- Born: Mona Nabil Mohamed Demaidi منى نبيل محمد ضميدي December 14, 1988 (age 37) Nablus, West Bank
- Education: An-Najah National University University of Manchester
- Occupations: Vice President of Artificial Intelligence and Director of International Relations at Arab American University
- Website: https://monademaidi.live/

= Mona Demaidi =

Palestinian entrepreneur and women's rights advocate

Mona Nabil Demaidi (منى نبيل ضميدي) is an entrepreneur and women's rights advocate. She was born on December 14, 1988, in Nablus, Palestine. She obtained her PhD in Advanced Software Engineering and Machine Learning and MSc with distinction in Software Engineering and Data Management from the University of Manchester, UK. Demaidi joined An-Najah National University in 2016, becoming the youngest female with a PhD certificate at the Faculty of Engineering and Information Technology in Palestine. In 2014, she became a board member of Women in Engineering and Arab Women in Computing. In september 2024, Dr Demaidi became the dean for the Faculty of Digital Sciences and Director of International Relations at Arab American University between September 1, 2024 – August 1, 2025. Starting from August 2025 she became the vice president of Artificial Intelligence and Director of International Relations at Arab American University.

==Biography==

In 1993, Demaidi moved with her family to Dundee, UK, and went to primary school at Hawkhill School and Park Place School.
She finished high school in Palestine.
Mona Demaidi gained her Bachelor of Science (BSc) degree in Computer Engineering at An-Najah National University located in Nablus, Palestine. After getting her Master of Science degree in Advanced Software Engineering and Data Management in 2010/11 at the University of Manchester, she obtained her PhD in Artificial Intelligence.

==Experience==
Mona Demaidi is the founder of STEMpire which is powered by PALMEC International. STEMpire empower future innovators through STEM education, bootcamps, and hackathons. In addition, Dr Mona is the chairwoman and advisory board member of Intersect Innovation Hub which is powered by Bank of Palestine. Also, Demaidi plays an important role in the IEEE Palestine Subsection as chairwoman, Student Branch Counselor and a previous judge at the end of 2019. In addition to that, she was or currently is a judge in several foundations including the Hult Prize Foundation, flow accelerator and Code Your Future. Mona is also a co-founder for VTech Road and a Co-managing director for Girls in Tech, Inc. Demaidi is the Chairwoman of the Institute of Electrical and Electronics Engineers in Palestine and was the first woman to be granted an award from the Institute of Electrical and Electronics Engineers (senior membership). She also became the co-managing director for Girls in Tech in Palestine. Demaidi is also a researcher as she has issued six journal papers and a book Terminological Ontology Evaluator in eLearning on constructing online learning platforms using machine learning. Mona Demaidi developed the National Artificial Intelligence Strategy for Palestine in 2022.

==Recognition==
Dr. Mona Nabil Demaidi has been recognized for her leadership in artificial intelligence, ethics, and women's empowerment, both in Palestine and globally.

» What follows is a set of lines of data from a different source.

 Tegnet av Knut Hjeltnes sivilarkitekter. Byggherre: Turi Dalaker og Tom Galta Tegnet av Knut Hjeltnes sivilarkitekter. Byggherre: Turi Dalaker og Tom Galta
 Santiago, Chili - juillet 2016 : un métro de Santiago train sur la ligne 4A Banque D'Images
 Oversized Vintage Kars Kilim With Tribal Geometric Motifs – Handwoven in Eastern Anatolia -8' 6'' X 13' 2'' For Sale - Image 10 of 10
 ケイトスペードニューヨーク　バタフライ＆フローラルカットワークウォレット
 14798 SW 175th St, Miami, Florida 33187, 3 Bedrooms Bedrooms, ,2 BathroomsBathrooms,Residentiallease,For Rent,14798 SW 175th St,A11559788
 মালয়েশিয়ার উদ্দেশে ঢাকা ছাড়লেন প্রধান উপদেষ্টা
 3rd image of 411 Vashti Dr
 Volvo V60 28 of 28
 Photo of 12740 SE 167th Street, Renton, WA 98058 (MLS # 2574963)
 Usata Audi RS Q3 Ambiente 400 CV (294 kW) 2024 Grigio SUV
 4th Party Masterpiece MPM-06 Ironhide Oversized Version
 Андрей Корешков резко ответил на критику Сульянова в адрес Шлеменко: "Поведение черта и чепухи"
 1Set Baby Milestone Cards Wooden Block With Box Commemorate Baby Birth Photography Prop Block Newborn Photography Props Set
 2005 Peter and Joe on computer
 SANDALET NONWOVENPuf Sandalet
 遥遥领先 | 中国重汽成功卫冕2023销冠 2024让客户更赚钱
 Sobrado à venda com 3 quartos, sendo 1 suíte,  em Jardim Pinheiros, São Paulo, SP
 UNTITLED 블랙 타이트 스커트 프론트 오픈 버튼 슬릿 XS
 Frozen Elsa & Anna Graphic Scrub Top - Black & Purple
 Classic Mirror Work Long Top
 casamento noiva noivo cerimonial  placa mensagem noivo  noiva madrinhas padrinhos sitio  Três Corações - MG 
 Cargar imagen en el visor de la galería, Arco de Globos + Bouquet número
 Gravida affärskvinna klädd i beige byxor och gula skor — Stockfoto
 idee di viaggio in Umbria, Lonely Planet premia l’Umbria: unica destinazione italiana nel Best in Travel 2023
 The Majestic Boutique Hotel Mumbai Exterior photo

She is the lead author of the Palestinian Artificial Intelligence National Strategy, officially approved by the Cabinet of Ministers in June 2023, and the author of UNESCO's AI and Ethics Policy Report for Palestine. She is currently leading the AI in Higher Education Policy for Palestine (2025–2027), a groundbreaking initiative that integrates responsible and inclusive AI adoption across universities and academic institutions, shaping the future of AI-driven education in the country.

For her pioneering impact, Dr. Demaidi was named among the 100 Women of Davos (2025) and the 100 Brilliant Women in AI & Ethics (2025) for her global contributions to ethical and inclusive AI. In 2024, she was selected as a member of UNESCO's Women for Ethical AI and joined Izdihar: The Regional Alliance of Women Experts, a CIPE-supported network uniting over 40 distinguished women leaders from across the Middle East and North Africa.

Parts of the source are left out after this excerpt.